Baudrillard asked some deeply important questions about politics and society.  He gave us provocative stabs at our sense of reality, and in doing so he stretched his thought to a wonderfully playful extreme.

As we see around us fragmenting identities refracting endlessly through the implications of what we buy, who we talk to, what we wear, what we watch, what we listen to - and what others think about us as a result - we can gain a lot from looking to a thinker whose work is rooted in the problems of finding collective footholds in a world that offers little certainty and no (easy) answers.

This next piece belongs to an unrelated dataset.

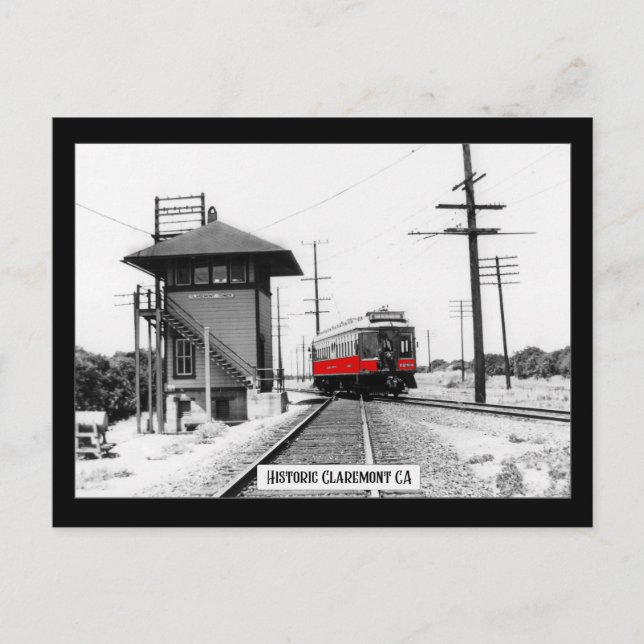 Postal Claremont histórico - Postcard (Anverso)
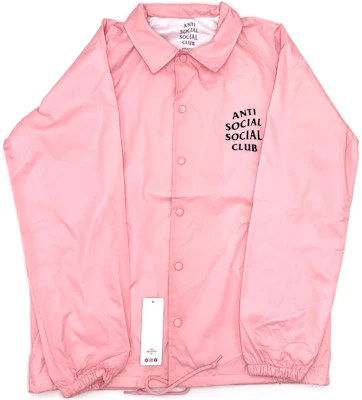 ASSC Anti Social Social Club 粉色圖案印花寬鬆版扣式外套 ASSW335 Buy ASSC Anti Social Social Club 粉色圖案印花寬鬆版扣式外套 ASSW335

He drew predictable criticism from those who felt he embodied a kind of empty postmodernism, or that he dismisses too readily our contact with reality.  It's true that he certainly didn’t give us the key to Utopia.  But I never have much time for criticism that can’t be bothered to get past a slightly tired assumption about ‘postmodern’ thought.  Reading criticism of his work, I usually just feel - get over it, and grow a sense of humour.   It is just too easy to complain that he leaves us adrift; nowhere, with nothing constructive to say or do.   Too easy, too boring, and too lazy.  We’d do well to stop obsessing over whether a person’s words donate to us a perfect tracing of how things are.  I care more about what thoughts his work can provoke - about where Baudrillard can take us; what we can do with his work.  Which is a long way, and a lot respectively - if only we stop worrying about pointing out that the Gulf War really happened

Baudrillard's thought is a joy - a joy that admittedly lies amongst what can be frustratingly difficult writing - precisely because it stretches itself towards absurdity.  His world of the hyper-real is a great place to visit, but you wouldn’t want to live there.  In doing so, he dives into the media-saturated public realm and ultimately, through the potentially desperate and thrilling spectacle we are left with, asks how, in a complex world, we are supposed to get out towards political progress.  I guess he has left the answer to us.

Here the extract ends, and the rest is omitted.